5. Pada persegi panjang \(OACB\), \(D\) adalah titik tengah \(OA\) dan \(P\) titik potong \(CD\) dengan diagonal \(AB\). Jika \(\vec{a}\)=\(\vec{OA}\) dan \(\vec{b}\)=\(\vec{OC}\) maka \(\vec{CP}\) =
a) \(\frac{1}{3}\vec{a}+\frac{2}{3}\vec{b}\)
b) \(\frac{1}{3}\vec{a}-\frac{2}{3}\vec{b}\)
c) \(-\frac{1}{3}\vec{a}-\frac{2}{3}\vec{b}\)
d) \(-\frac{2}{3}\vec{a}-\frac{1}{3}\vec{b}\)
e) \(-\frac{2}{3}\vec{a}+\frac{1}{3}\vec{b}\)
Penyelesaian:
\(CP : DP\) = \( 2 : 1\) 
Maka, \(\vec{CP}\) = \(\frac{2}{3}\vec{CD}\)=\(\left(\vec{CA}+\vec{AD}\right)\) 
\(\vec{CP}\)=\(\frac{2}{3}\left(\vec{a}-\vec{b}-\frac{1}{2}\vec{a}\right)\) = \(\frac{1}{3}\vec{a}-\frac{2}{3}\vec{b}\)

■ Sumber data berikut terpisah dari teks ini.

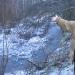 Водоем в городе Лесколово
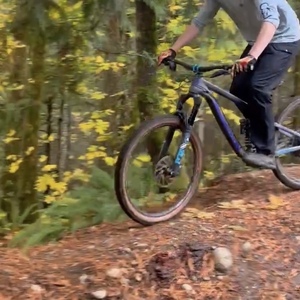 2019 Transition Bikes Patrol Silver, gray or bare metal and Blue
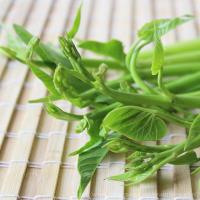 ราคา ผักบุ้งแก้ว ถูกที่สุด 10 บ เมล็ดพันธุ์ผักบุ้งแก้ว100 เมล็ด ปลูกง่าย โตไว ทานอร่อย (13087463499)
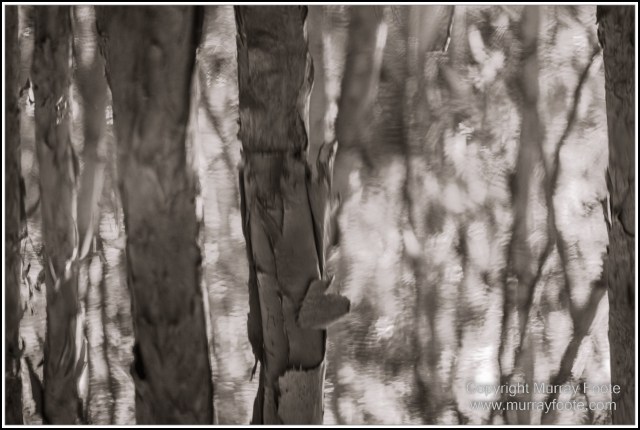 Architecture, Black and White, Cooktown, Infrared, Landscape, Monochrome, Nature, Photography, Rock Art, Travel, Wildlife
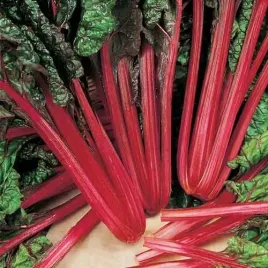burak-rhubarb-chard-odmiana-lisciowa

6. Diketahui vektor \(\vec{u}\)= \(\left(a, -2, -1\right)\) dan \(\vec{v}\) = \(\left(a, a, -1\right)\). Jika vektor \(\vec{u}\) tegak lurus \(\vec{v}\) maka nilai \(a\) adalah
a) \(-1\)
b) \(0\)
c) \(1\)
d) \(2\)
e) \(3\)
Penyelesaian:
Diketahui: 
Vektor \(\vec{u}\)= \(\left(a, -2, -1\right)\) dan \(\vec{v}\) = \(\left(a, a, -1\right)\) 
vektor \(\vec{u}\) \(\bot\) \(\vec{v}\) maka 
\(\vec{u} \times \vec{v}\) = \(0\) 
\(\rightarrow\) \(a \times a + \left(-2 \right) \times a + \left(-1\right)\left(-1\right)\) = \(0\) 
\(\rightarrow\) \(a^{2} - 2a + 1\) = \(0\) 
\(\rightarrow\) \(\left(a-1\right)^{2}\) =\(0\) \(\rightarrow\) \(a\) = \(1\)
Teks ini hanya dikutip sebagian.